Translate

2008/12/26

前向きの「批判」

 最近ますますカタカナ言葉が増えている。カタカナ言葉が増える原因は、外国の言葉の概念にぴったり合う日本語をどうしても見つけられないことなのだろう。言葉はそれを使っている人々の文化と密接にかかわっている。どの国の言葉にも、どうしても外国語ではうまく訳すことができない言葉というものがあるものだ。だから私は、むやみに「カタカナ言葉はだめだ」というつもりはない。ただ、安易にカタカナ言葉を増やしていくと、わかったつもりで本当は分かっていないたくさんの人々を生み、分かっていないのに、わかったふりをして対話の中でそれを使ってしまう、そして、誤解やすれ違いを生んでいるうちにいつの間にか元の言葉の意味とは違うところで、つまり、日本の文化的背景の中で、勝手な意味を持って独り歩きしてしまう危険を生んでしまう。だから、時々、わかりにくい言葉について議論してみるのは悪くない。日本語に正確に訳せる可能性があるのであれば、少し努力してみるのもいいと思う。

 私がお世話になっているある高齢の俳句の師は、もともと小学校の先生をしていて、のちに、俳句研究の大家になられた方だ。この先生が、戦後間もなく、「批判読み」というタイトルの本を出されたと聞いた。たぶん、クリティカル・リーディングの直訳であったのだろうと思う。残念なことに、この日本語で「批判」という時の、どちらかというと否定的な響きが悪く、広く売れるには至らなかった、と回顧しながら苦笑されていたのが印象的だった。

 日本語で「批判」というと、確かに非常に「否定的」な響きが付きまとう。「批判」という語だけが否定的なのか、それとも、「批判する」「批判される」ということが否定的なことと受け止められているのかは判然としない。私は、多分後者ではないか、と思っている。

 だが、クリティカルという英語、また、それに準じるオランダ語には「否定的」な意味合いはほとんど伴わない。言うまでもなく、クリティカルであること、クリティカルなコメントを受けること、そのこと自身に、否定的な感情はほとんど伴わない。むしろ、肯定的で、喜ばしい、歓迎すべきこととして使われることさえあるといってよいと思う。これは、まさに、文化の違い、精神性の違い、人々の「多様な価値観」に対する開かれた態度がどれほど発達しているか、もっとはっきり言えば、近代市民としての、自分自身に対する反対意見や異なる意見に対して開かれた態度があるかないかの違いなのだと思う。

 教育制度や教育方法について研究していると、この「クリティカル=批判」という言葉には大変しばしば遭遇する。

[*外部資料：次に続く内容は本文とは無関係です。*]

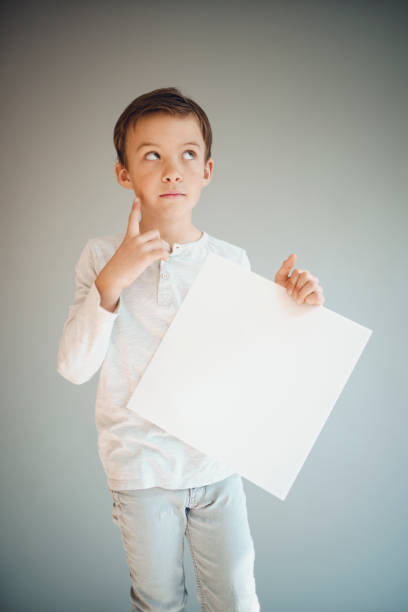 istock boy holding white sign in front of grey background 1215657354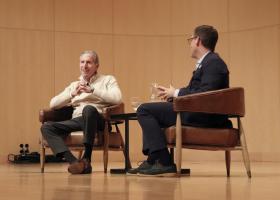 Howard Schultz (left) addresses students during a conversation moderated by President Brock Tessman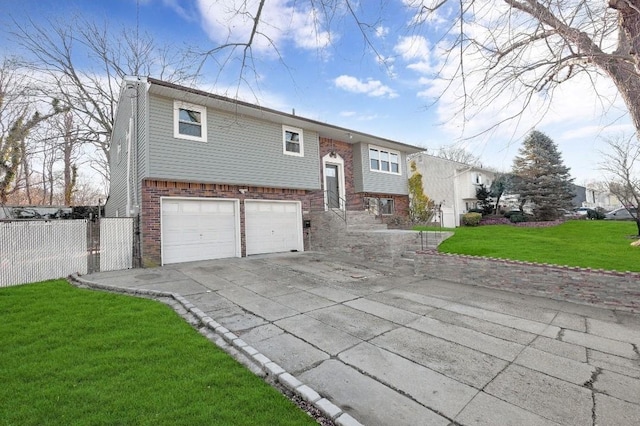 bi-level home with a garage, brick siding, fence, driveway, and a front lawn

そして、そのたびに、「さて、どう訳したものか、、、」と頭を抱えてしまう。日本人に向けて、「批判」と直訳してしまうと、はじめから警戒されたり否定的にとられて、本来の意味を誤解されてしまう可能性が予想できるからだ。ある時以来、私は、この言葉を、少しまどろっこしいくて長いが、一定の文脈の中で使う場合に限って「自分の頭で考えて」と訳すことにした。

 さて、クリティカルとは何だろう、、、

 大学院を卒業するまで日本で教育を受けた私は、本当の意味で「クリティカル」にものを考える習慣も、そうする方法も、どの教育段階でも学ばなかったという気がする。それがために、大学院で論文を書くに至っても、研究というものは、とても個人的で内省的なもの、問題意識や動機を他の人と共有することがとても難しいものだ、と思い込み、感じ続けていた。振り返ってみればまことに残念なことだと思う。

 あの時に、「私は、こういうことがわからないので、この問いに答えを出したくて、こういう方法で研究を始めてみたのですが、こんなところで行き詰まってしまいました。皆さんの<ご批判>とアドバイスをいただければと思うのですが、、、」というような研究をすることができていたならば、どんなに良かったであろう、と思う。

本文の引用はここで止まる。